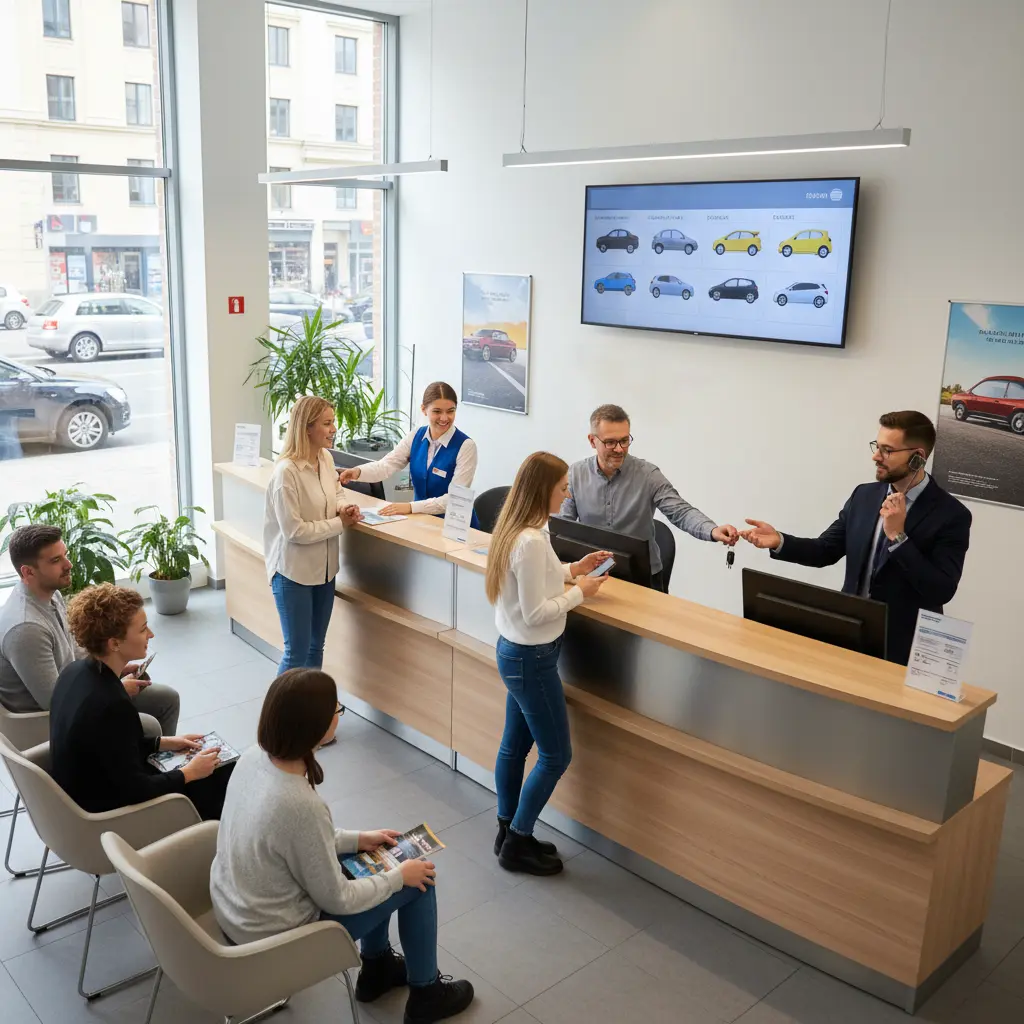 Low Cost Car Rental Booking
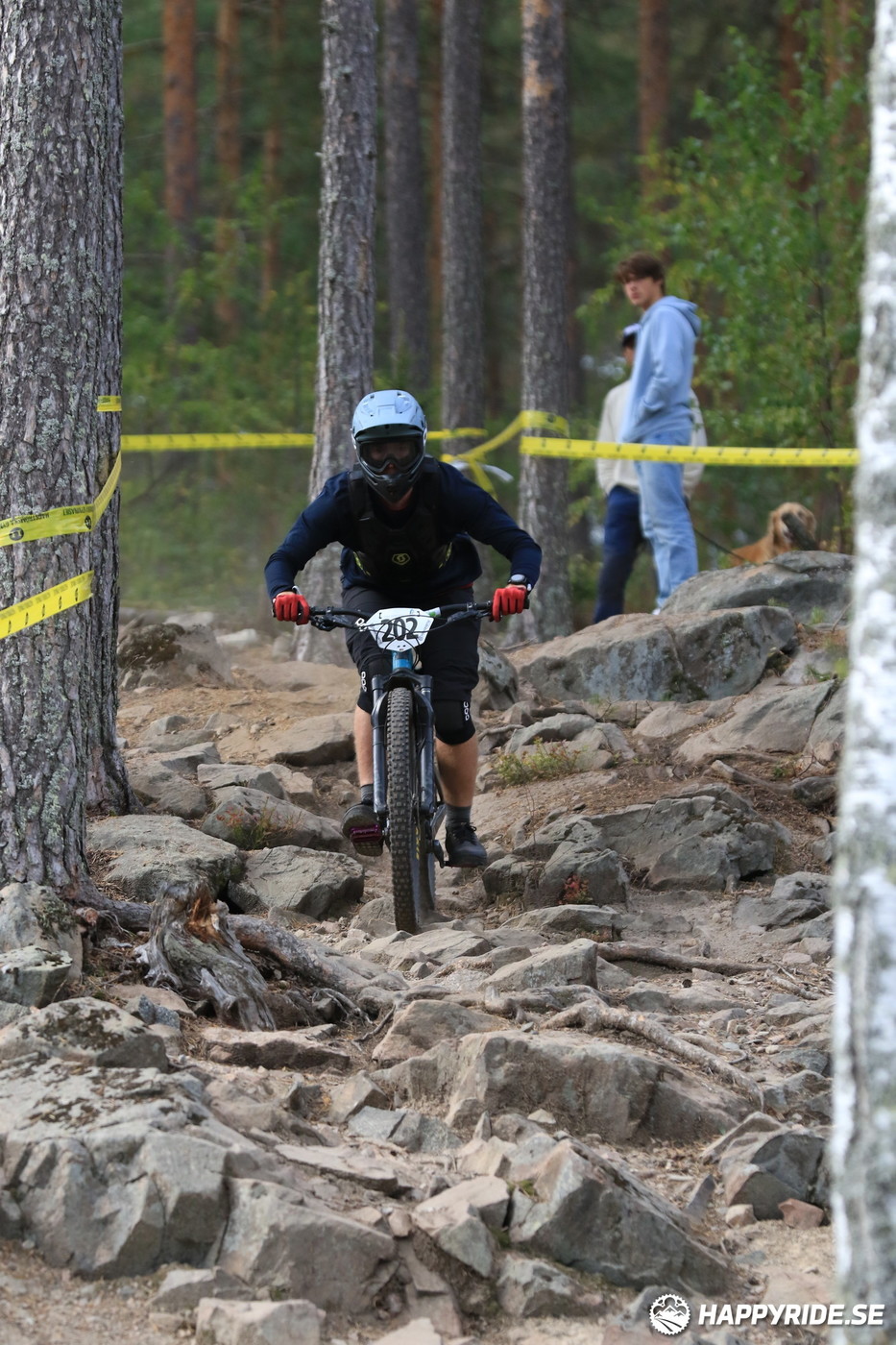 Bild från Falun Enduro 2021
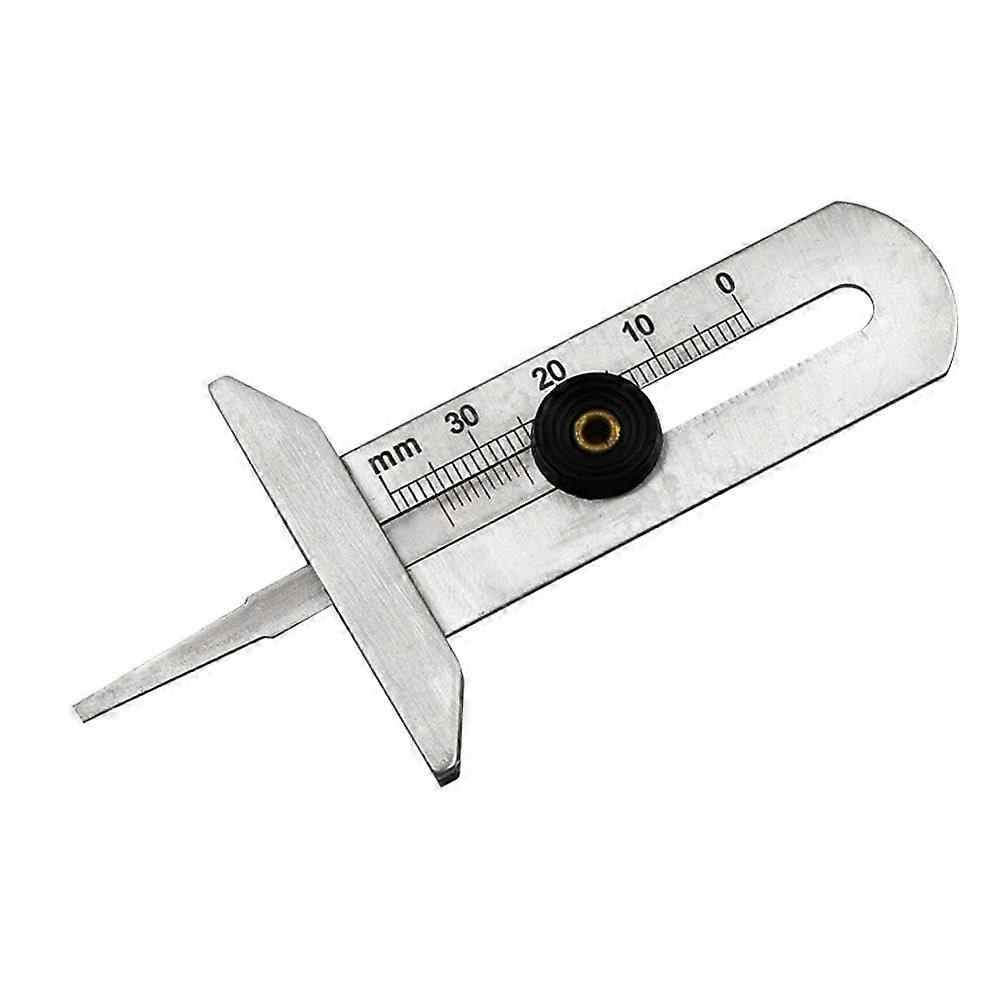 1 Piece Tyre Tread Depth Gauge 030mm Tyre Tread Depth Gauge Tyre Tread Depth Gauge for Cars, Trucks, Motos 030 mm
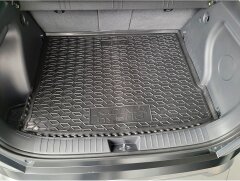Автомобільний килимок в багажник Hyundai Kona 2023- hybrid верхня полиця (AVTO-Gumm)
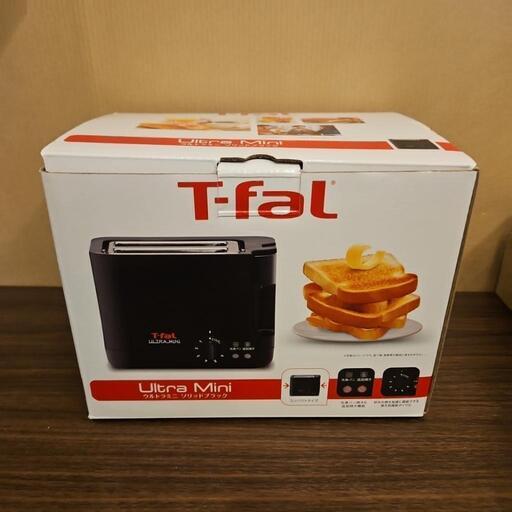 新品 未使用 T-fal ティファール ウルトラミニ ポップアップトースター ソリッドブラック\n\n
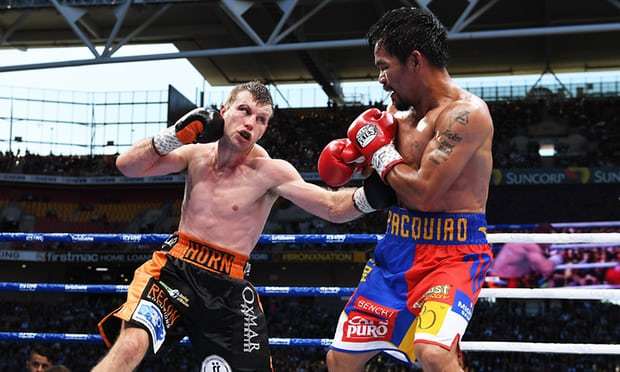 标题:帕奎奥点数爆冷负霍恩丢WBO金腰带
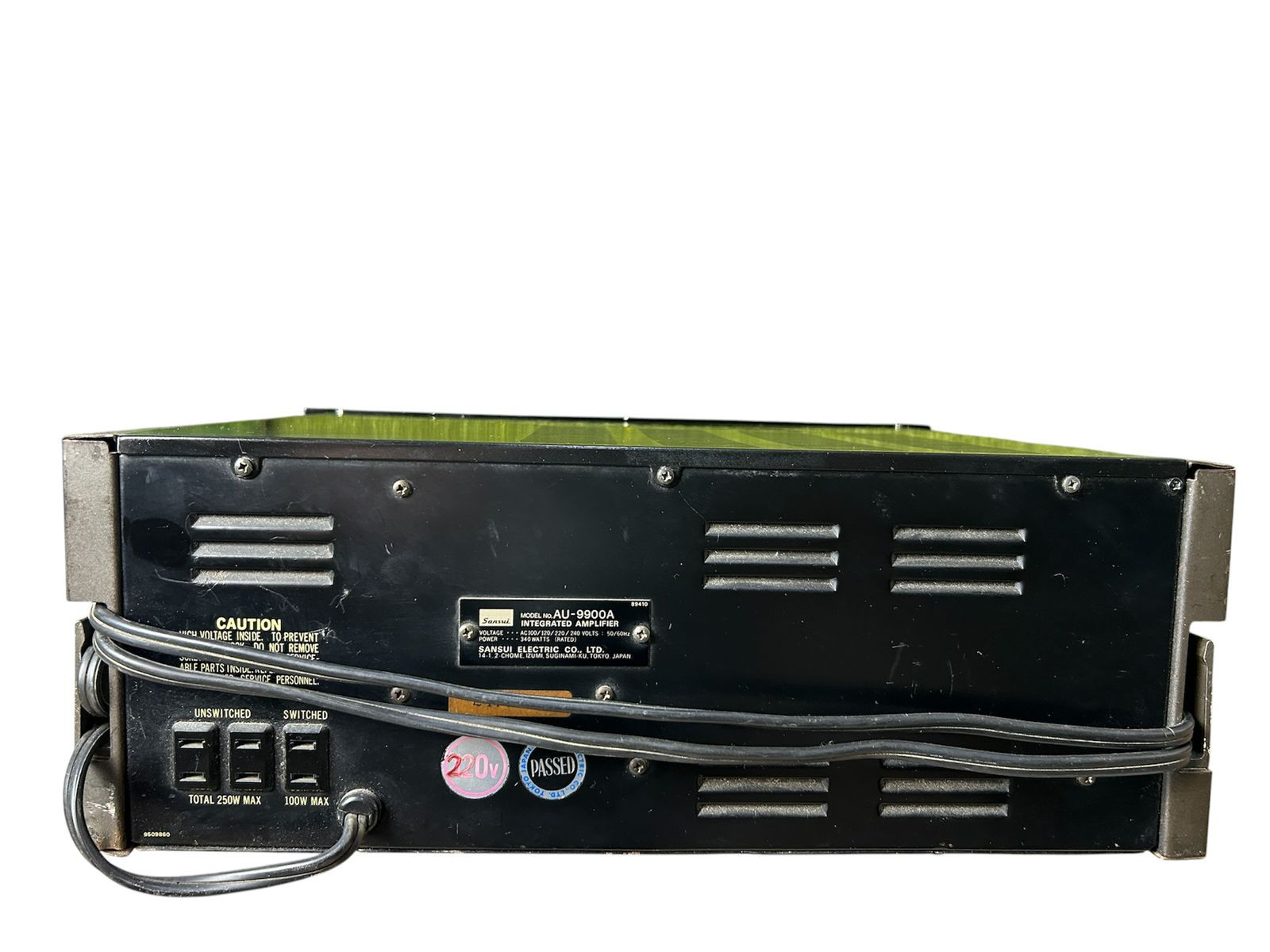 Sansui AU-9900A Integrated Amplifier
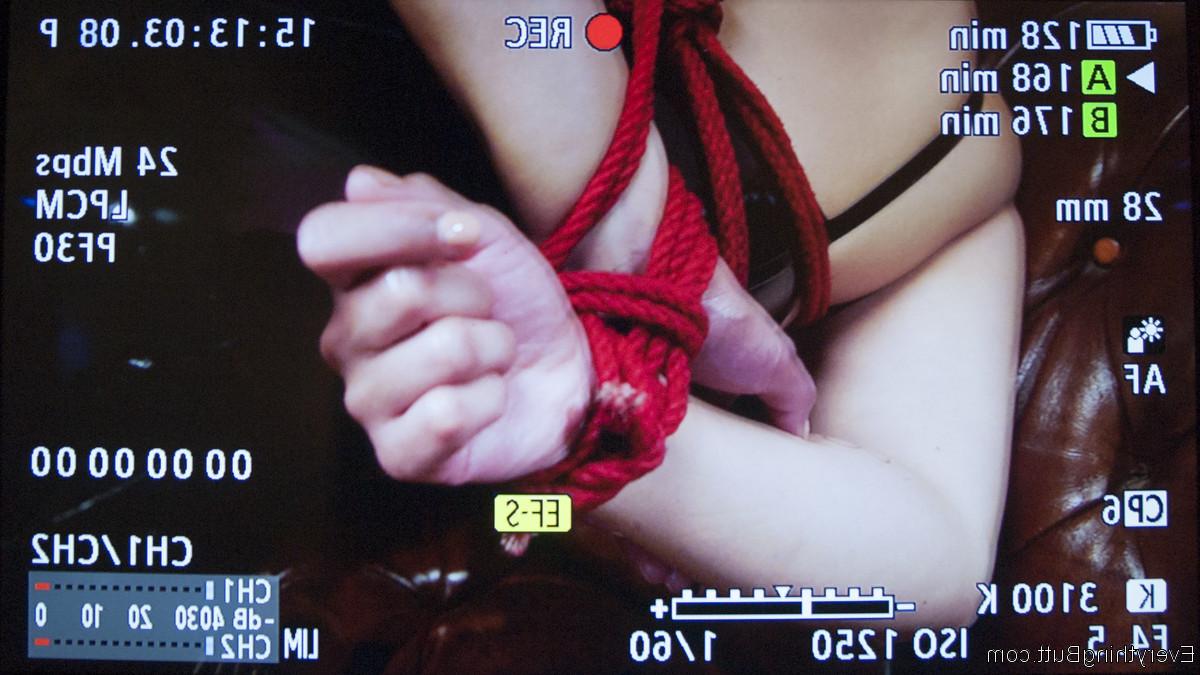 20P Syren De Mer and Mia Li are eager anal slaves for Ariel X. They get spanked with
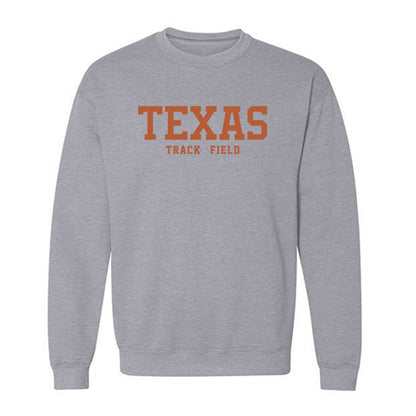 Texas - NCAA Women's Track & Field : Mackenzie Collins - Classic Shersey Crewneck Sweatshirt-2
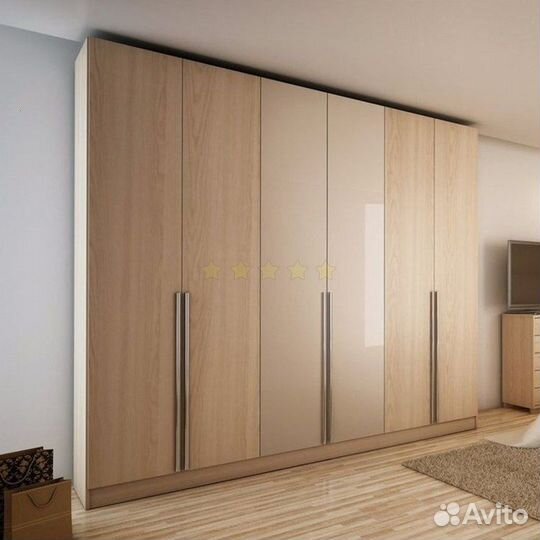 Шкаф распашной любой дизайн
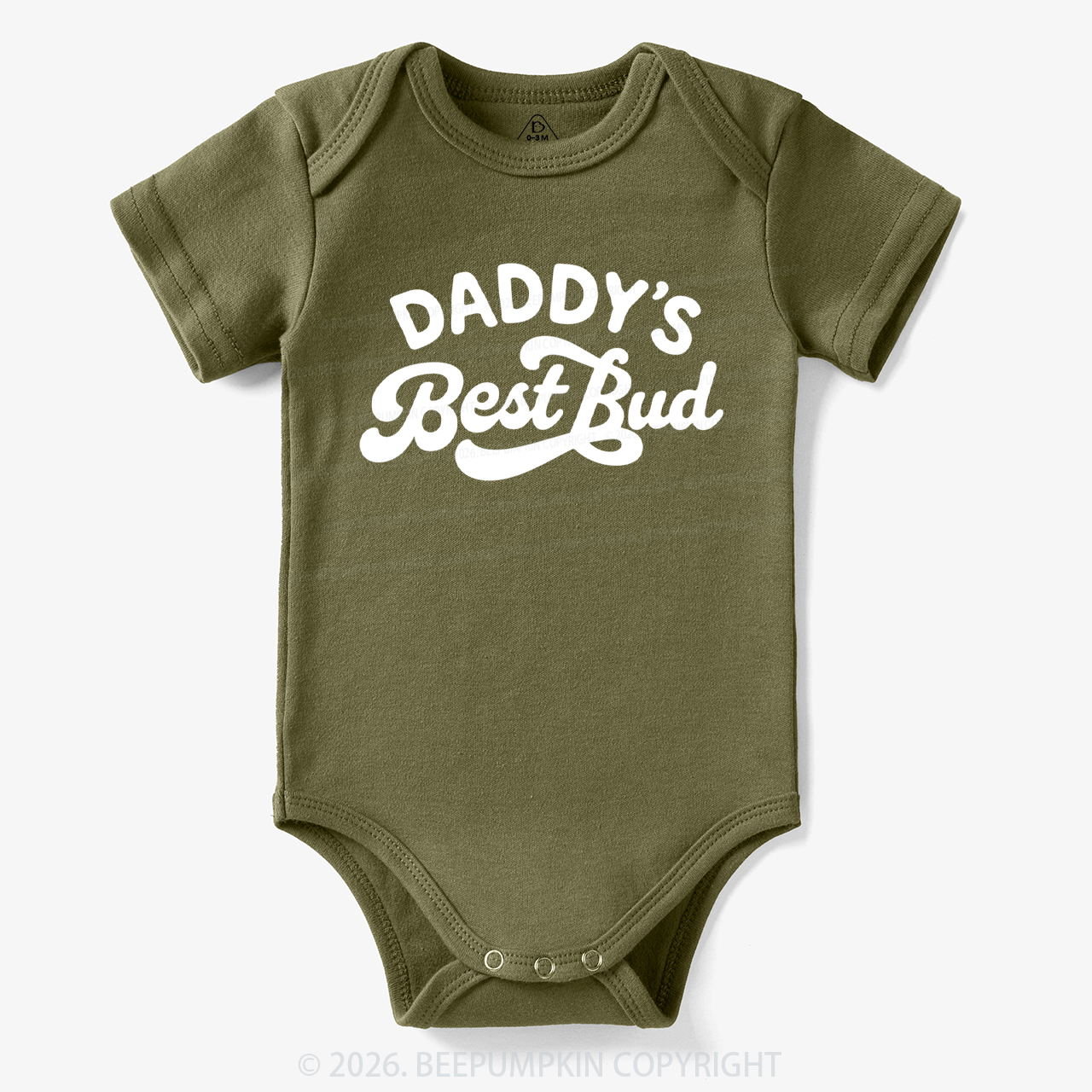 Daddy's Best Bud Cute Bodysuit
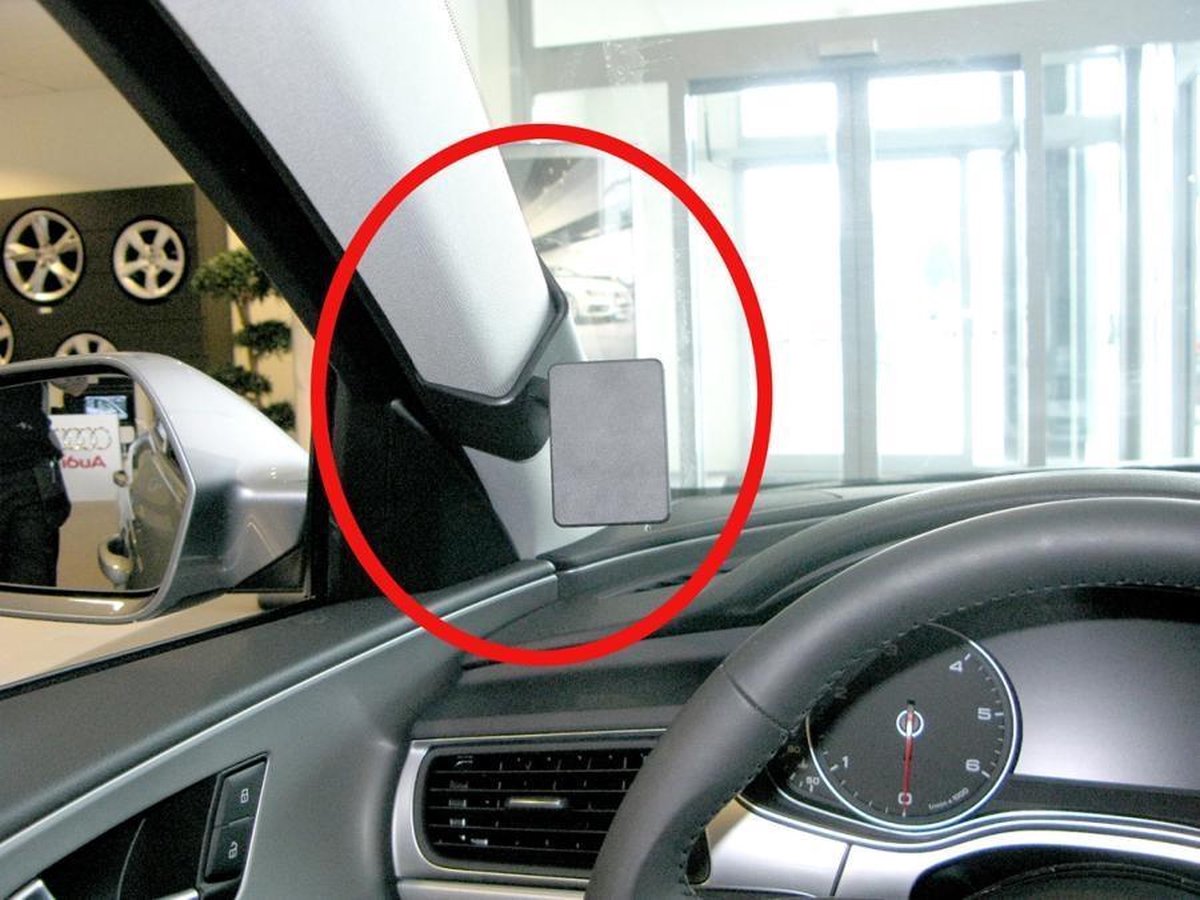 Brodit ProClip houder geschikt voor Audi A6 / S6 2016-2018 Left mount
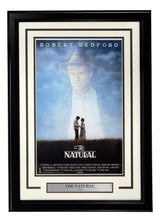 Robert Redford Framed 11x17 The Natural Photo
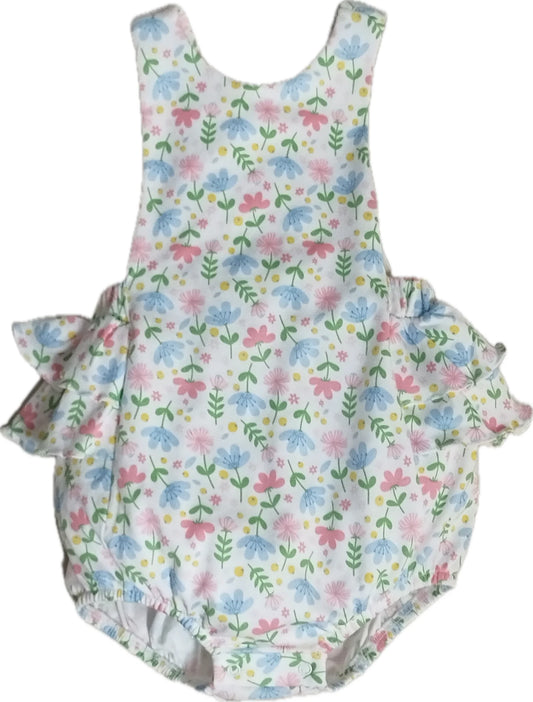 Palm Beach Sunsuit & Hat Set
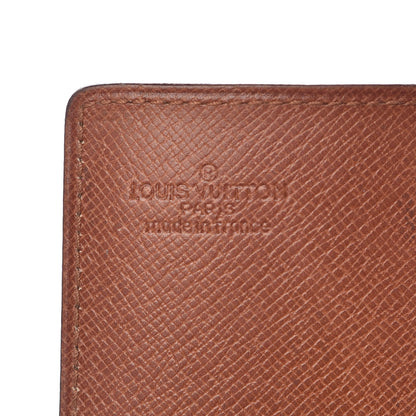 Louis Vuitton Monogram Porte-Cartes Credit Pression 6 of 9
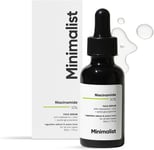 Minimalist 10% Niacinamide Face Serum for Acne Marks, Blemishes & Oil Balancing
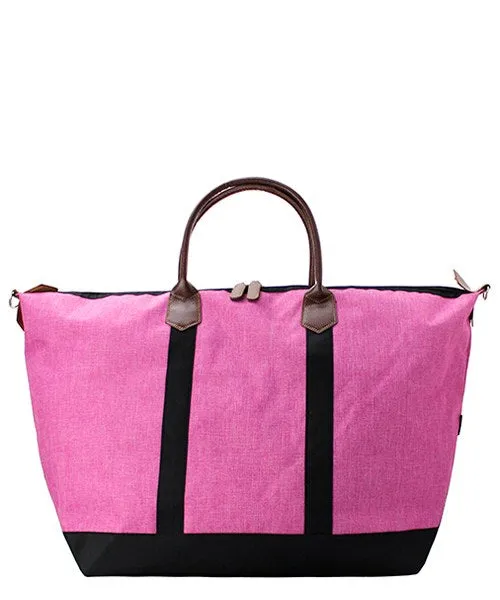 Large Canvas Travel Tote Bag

-- -- --

Excerpt from the records above: set down only the lines from the one that contains "新品 未使用 T-fal" through the one that contains "Daddy's Best Bud Cute Bodysuit", inclusive, word for word. Pictures stay out.

> _Exercise output_
 新品 未使用 T-fal ティファール ウルトラミニ ポップアップトースター ソリッドブラック\n\n
 标题:帕奎奥点数爆冷负霍恩丢WBO金腰带
 Sansui AU-9900A Integrated Amplifier
 20P Syren De Mer and Mia Li are eager anal slaves for Ariel X. They get spanked with
 Texas - NCAA Women's Track & Field : Mackenzie Collins - Classic Shersey Crewneck Sweatshirt-2
 Шкаф распашной любой дизайн
 Daddy's Best Bud Cute Bodysuit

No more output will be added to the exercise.